# hash troubles



## specialbaker56 (May 29, 2013)

we made bubblehash for the first tim and it came out very crumbly. it doesnt have that hash tast. after researching all we can firgure now is we beat it to much using a concrete mixer off a drill. it was done with all trimmings. any suggestions for next time?


----------



## Hushpuppy (May 29, 2013)

It sounds like you may have let the trim dry too much. Whenever I plan to make bubble hash I take my trim as soon as I get it and freeze it in freezer bags so that the trichomes don't dry out. If you can't keep it in the freezer and you don't have time to use it right away, you can dry it and store it for several weeks then make dry ice hash using the same bags. It is almost the same process accept without water. It will make a dry crumble but if it isn't too old, it can be pressed together into lumps, or balls, or cakes. I bought a kief press and make little hash cookies with mine


----------



## The Hemp Goddess (May 29, 2013)

I am thinking that you mixed it too vigorously and have too much plant material.  I often use very dry trim to make bubble as I like to decarboxalate it and haven''t run into problems like you mention.  I don't know why, but the dry ice hash I make does not have the hashy taste that the bubble does.

What size (micron size) bags did you use?


----------



## specialbaker56 (May 29, 2013)

yeah we let it dry for a day an a half mabye we usualy cook with it but i froze them for a day before we made the hash.


----------



## Hushpuppy (May 30, 2013)

It mujst be that you beat it too hard or too much. I use 160micron bags for dry ice but for bubble I use 160 to hold material, 100 to hold the green, and 25 to hold the gold


----------



## Hushpuppy (May 30, 2013)

*THG:* The key to the quality of the dryice hash is to only shake it for the right length of time (the shorter the time, the purer the product) and to use plenty of medium size ice chunks


----------



## mistisrising (Jul 7, 2013)

specialbaker56 said:
			
		

> we made bubblehash for the first tim and it came out very crumbly. it doesnt have that hash tast. after researching all we can firgure now is we beat it to much using a concrete mixer off a drill. it was done with all trimmings. any suggestions for next time?

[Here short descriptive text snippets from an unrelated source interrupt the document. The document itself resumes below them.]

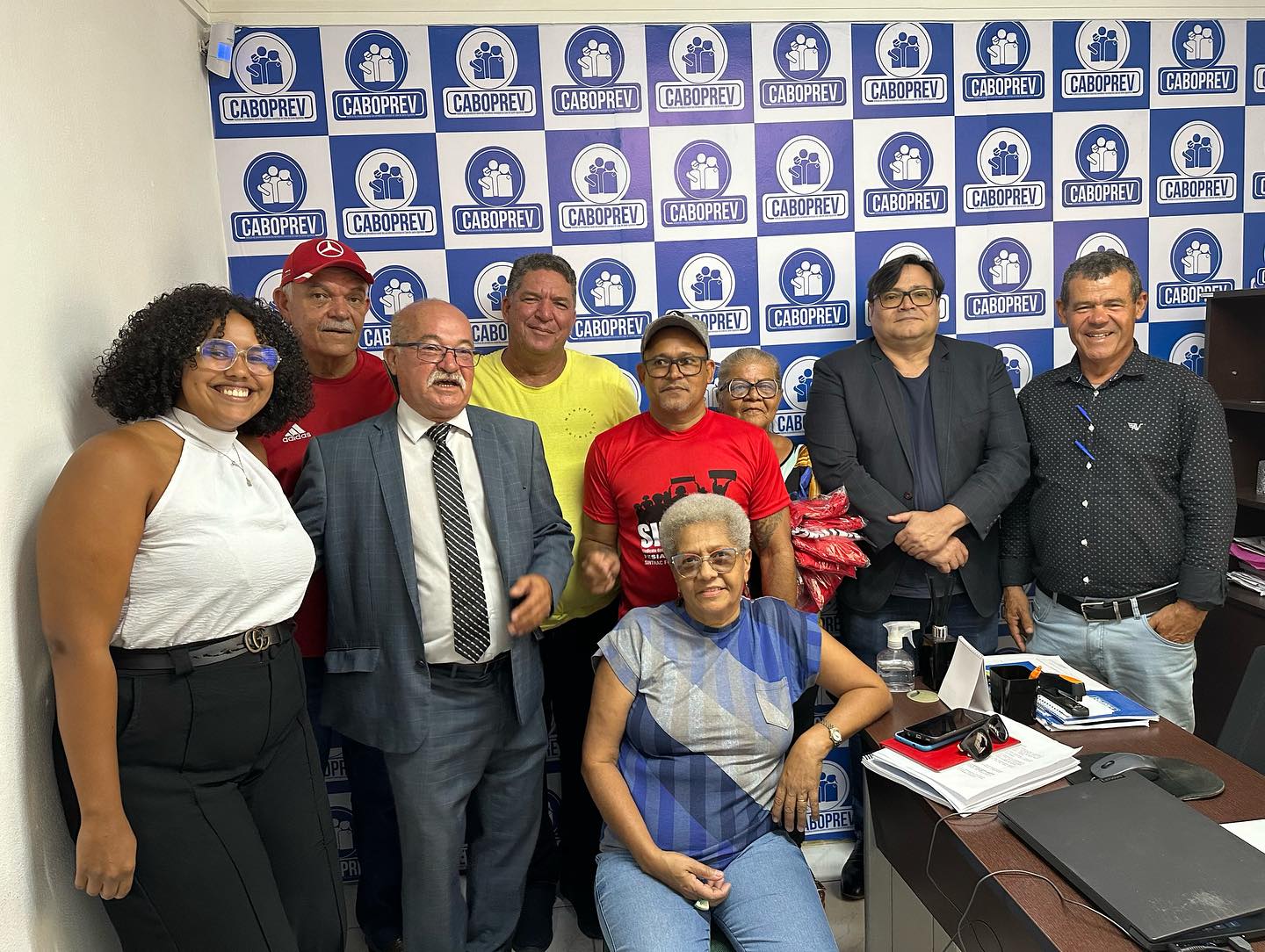 Caboprev realiza reunião com diretores do Sintrac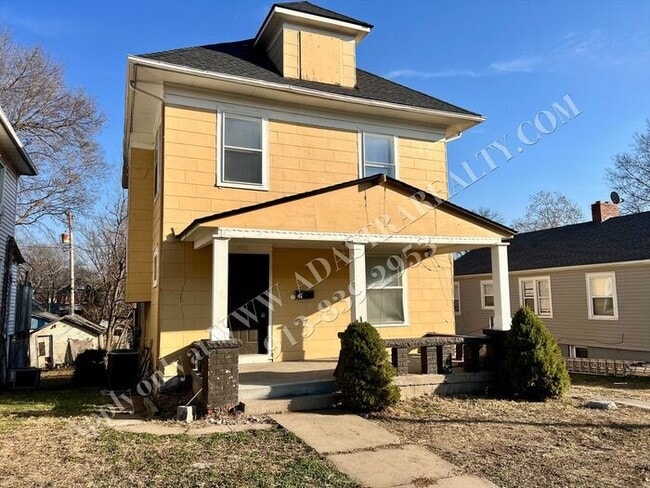 Building Photo - Cozy 3 Bed 1 Bath Home in KCK-Coming SOON!!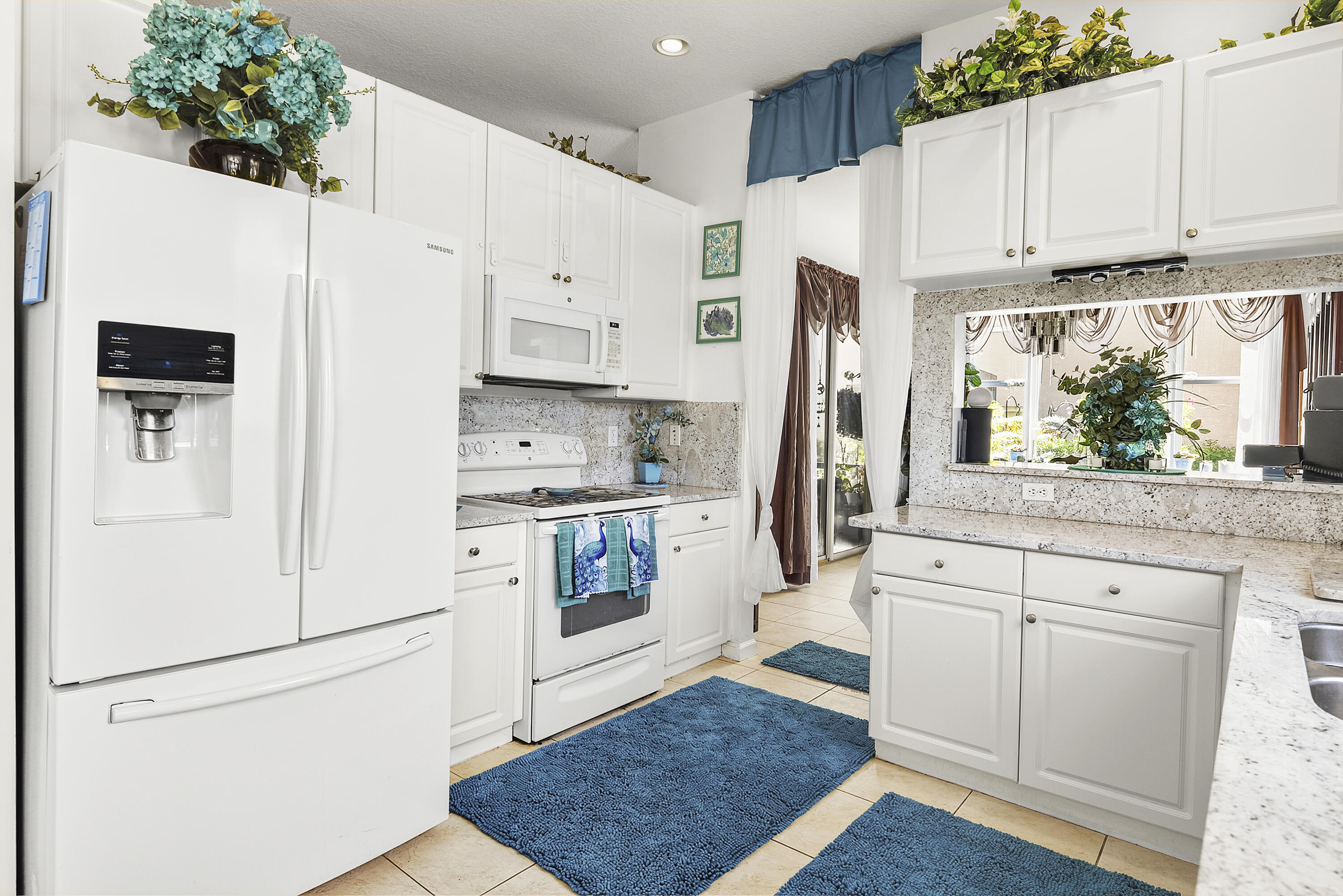 THIRD REPLAT OF PORTOFINO ISLES - Residential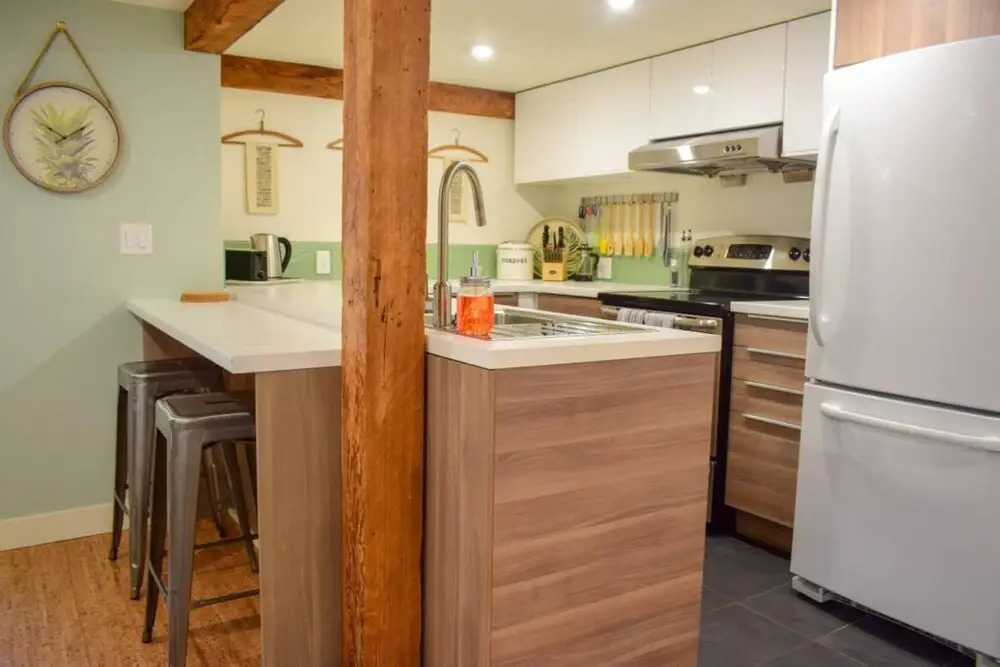 Modern 2 Bedroom West End Suite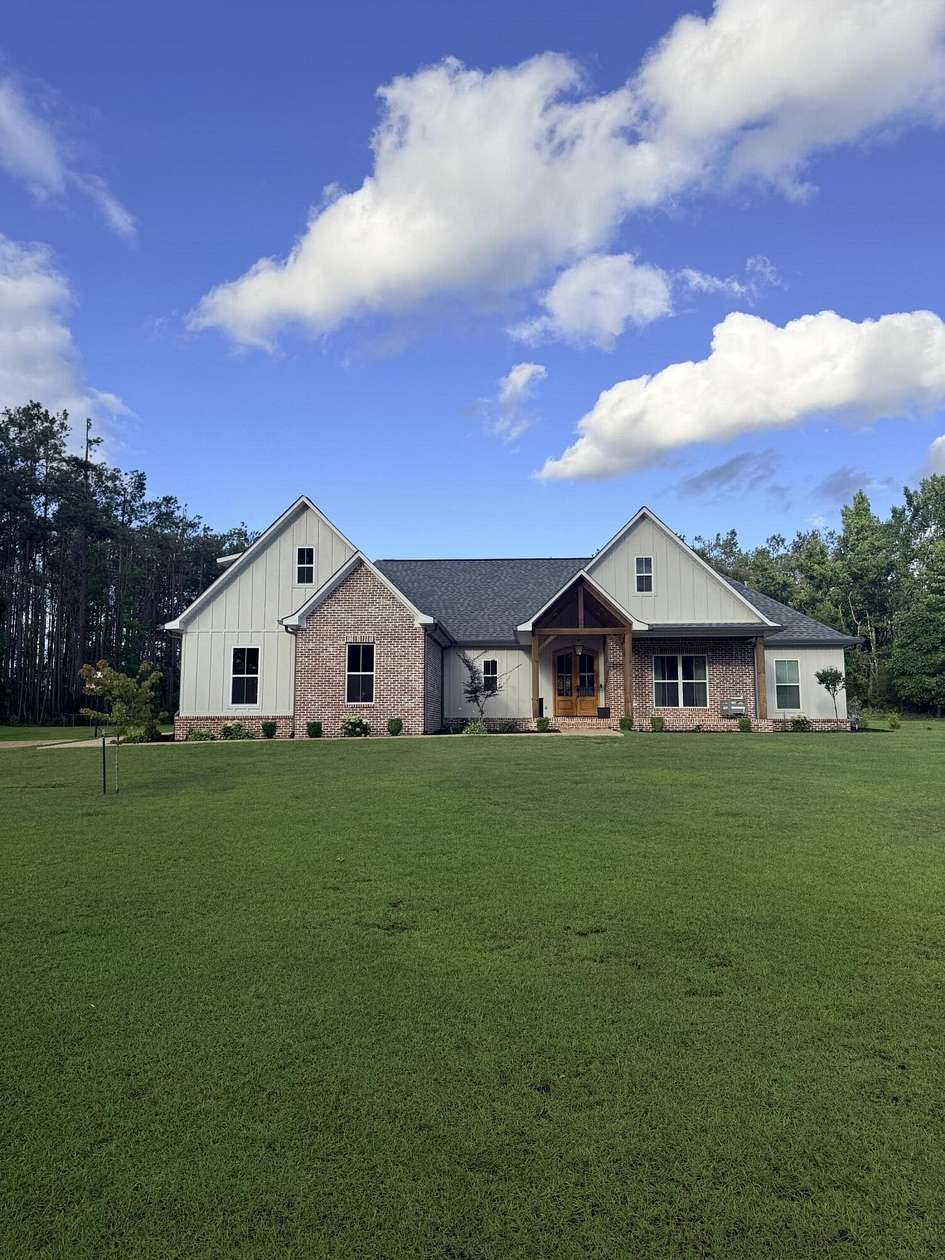 3 Acres of Land with Home for Sale in Corinth, Mississippi
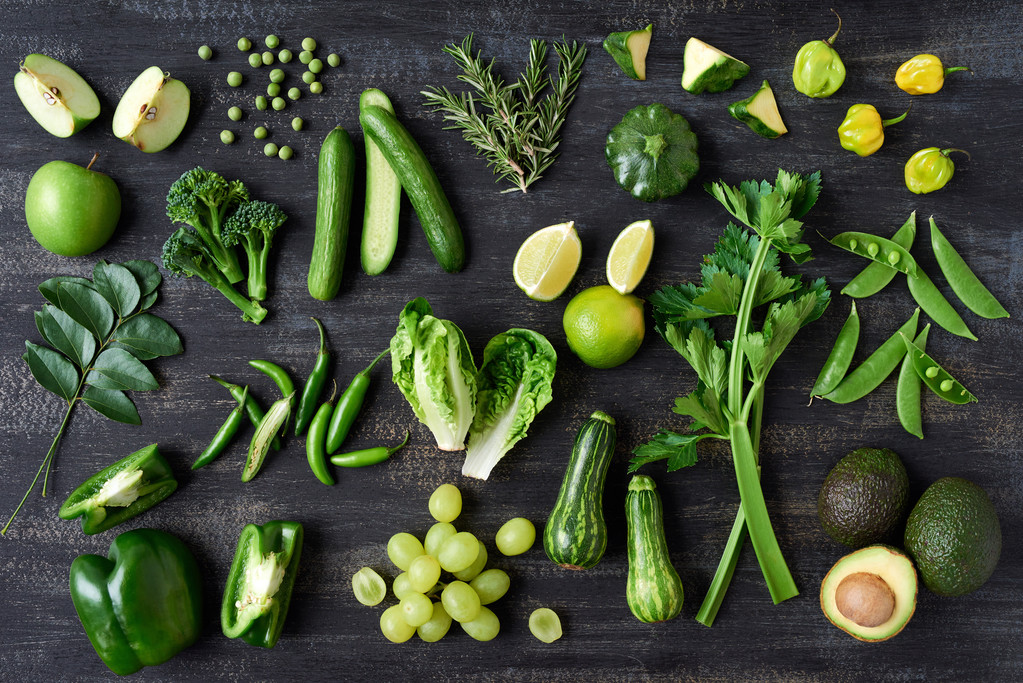 grünes rohes Gemüse und Obst - Foto, Bild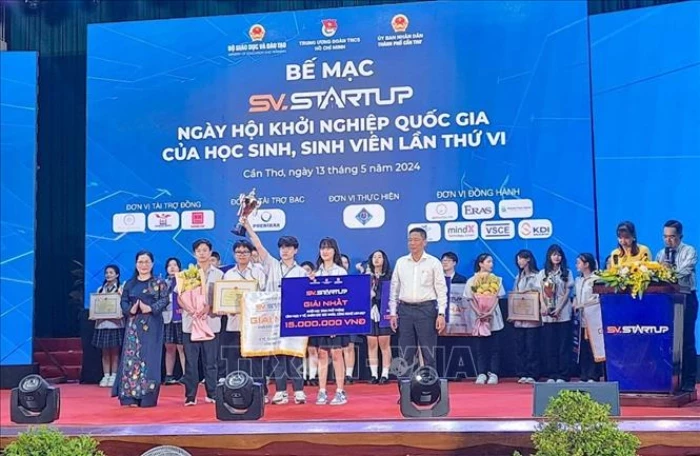 Phê duyệt Chương trình 'Hỗ trợ học sinh, sinh viên khởi nghiệp giai đoạn 2026-2035'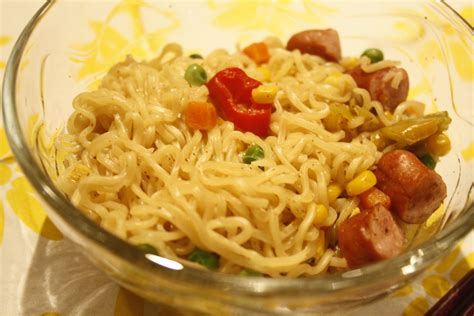 indomie with veggies | Nigerian food, Indomie, Food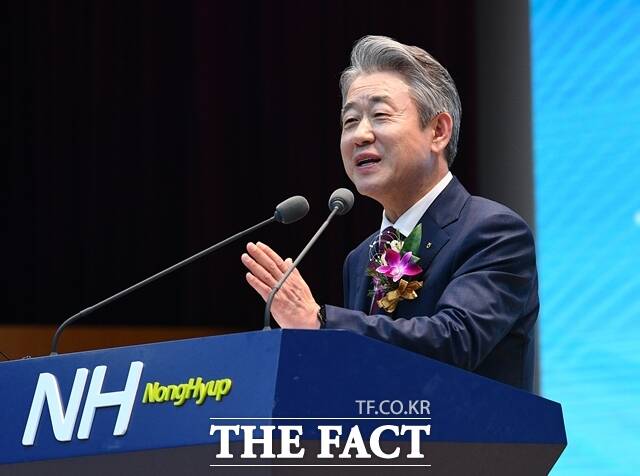 강호동 회장이 이끄는 농협중앙회는 6일 농심천심 운동을 본격 추진한다고 발표했다. /더팩트 DB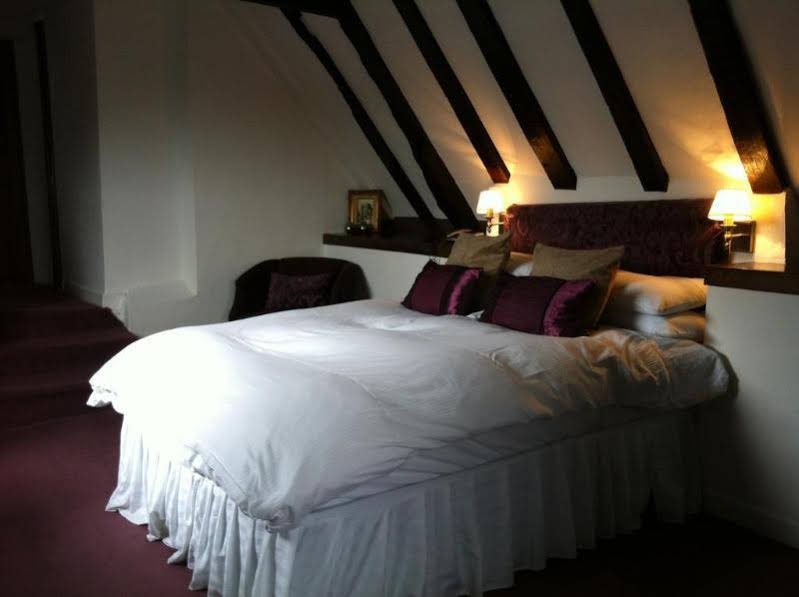 Фото The White Hart Hotel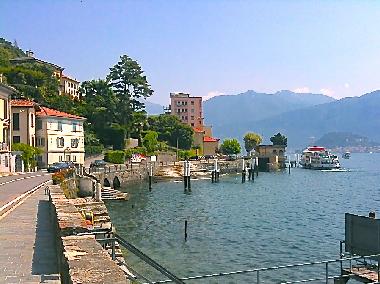 Tremezzo with the ferry terminal
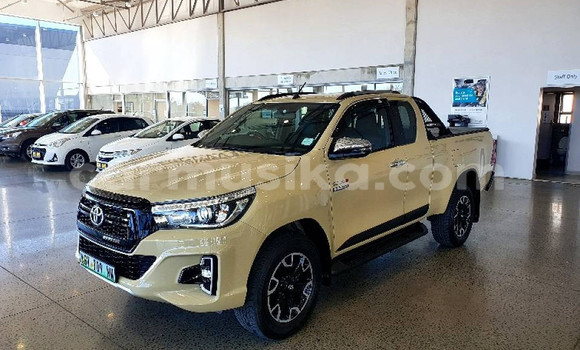 Tenga Tsaru Toyota Hilux Zvimwe Mota in Beitbridge in Matabeleland South Tenga Tsaru Toyota Hilux Zvimwe Mota in Beitbridge in Matabeleland South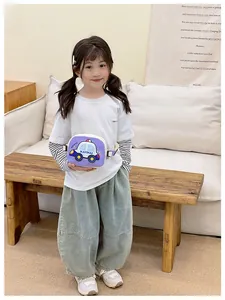Détail du sac bandoulière violet pour enfants avec imprimé voiture de police mignon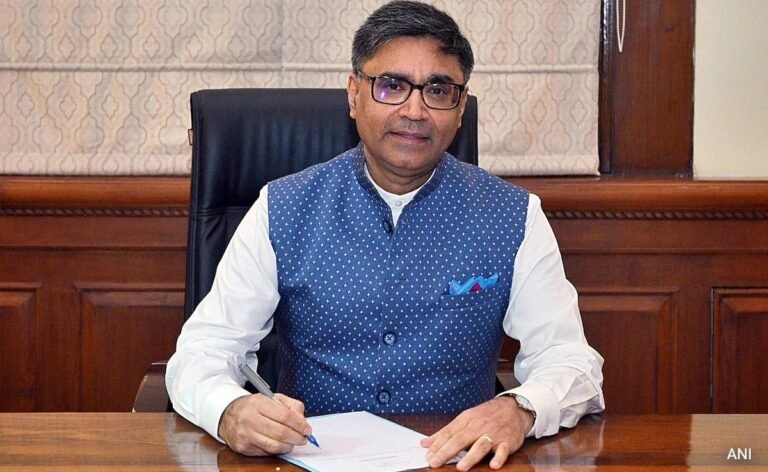 भारत-बांग्लादेश संबंधों में तनाव के बीच विक्रम मिसरी की ढाका यात्रा, अल्पसंख्यकों की सुरक्षा पर जताई चिंता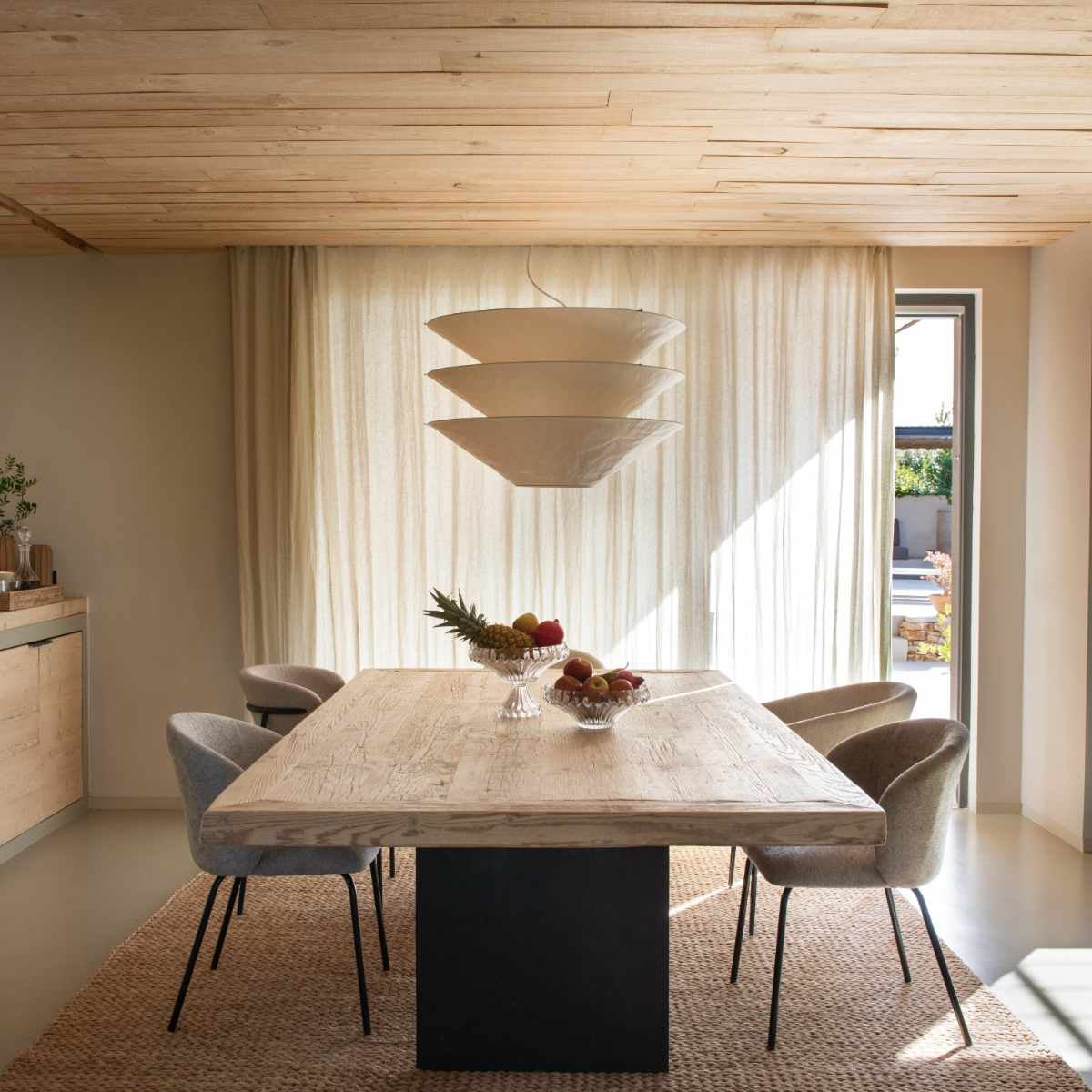andrea-house-mueble-esszimmerstuhl-lina-grau-gepolstert image 2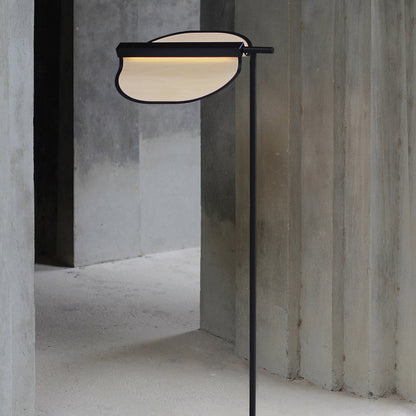 Omma LED Floor Lamp in Detail.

IME, you beat it too much. You want the ice to do the work, not the beater. 

I use all trimmings, and have had stuff that didn't want to stick. It happened when I ran too long in the washer. You should go easy, reverse directions, and don't agitate more than 10 minutes at a time. Some people I know go 5 minutes for a better quality.


----------



## Ruffy (Jul 7, 2013)

I let my trim go bone dry, the bubble bag and ice, snow whatever season it is.
then I use a drywall mud mixer, same as urs prob. then I mix for 5ish min then remix in 30 min, then drain & redo process, a little longer of a mix several times then its great, potent, smelly, tasty. ect


----------